- Born: Chan Tian Siu
- Occupation: Businessman
- Known for: Founder of Suyen Corporation, Bench brand

= Ben Chan (Filipino businessman) =

Filipino clothing businessman

Chan Tian Siu, commonly known as Ben Chan, is a Filipino businessman who is known for establishing the clothing store chain Bench.

==Career==
Ben Chan started his own T-shirt store business in 1987 that eventually became Bench managed under the family-owned Suyen Corporation. Bench is a contraction of Chan's own name.

In 2014, he received the Ernst & Young Entrepreneur of the Year Award.

Chan promotes the terno, selling the clothing apparel in his store. Suyen is a partner of the Ternocon convention and competition.

He also introduced Italian furniture brands in the Philippines such as Cappellini and Foscarini which led to him being conferred the Order of the Star of Italy in 2019.

==Personal life==
Chan is a Chinese Filipino who has roots from Fujian. He is not Cantonese. He was born to Chan Lib and See Ying who emigrated to the Philippines.

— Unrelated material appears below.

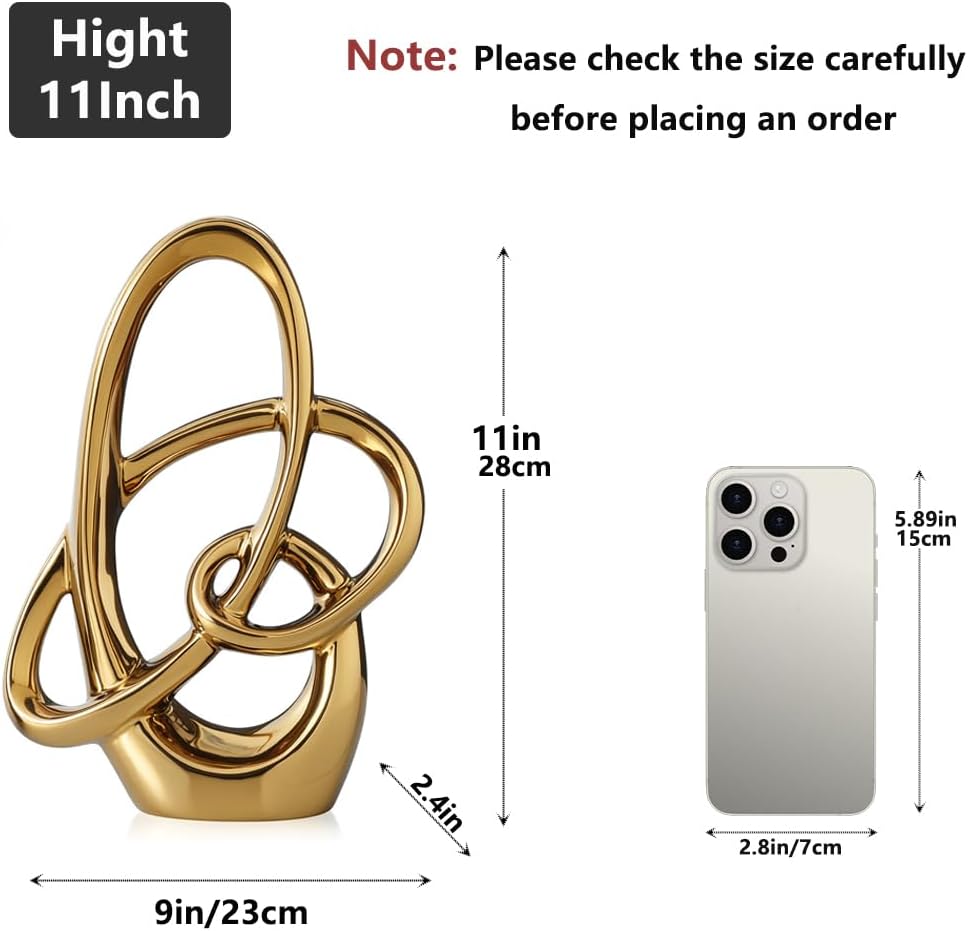 11in Gold Ceramic Statue – Modern Abstract Art Figurine for Shelf, Dining Table Centerpieces, Office, Living Room, Wedding or Coffee Table Home Decor Accent - Image 2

His parents established Liwayway Marketing as a supplier of starch, flour and coffee. His brother, Carlos would expand the family business to include snack foods founding Liwayway Marketing China a company which produces Oishi products. Chan himself would learn interior design in San Francisco before going on to establish his own clothing brand in the Philippines.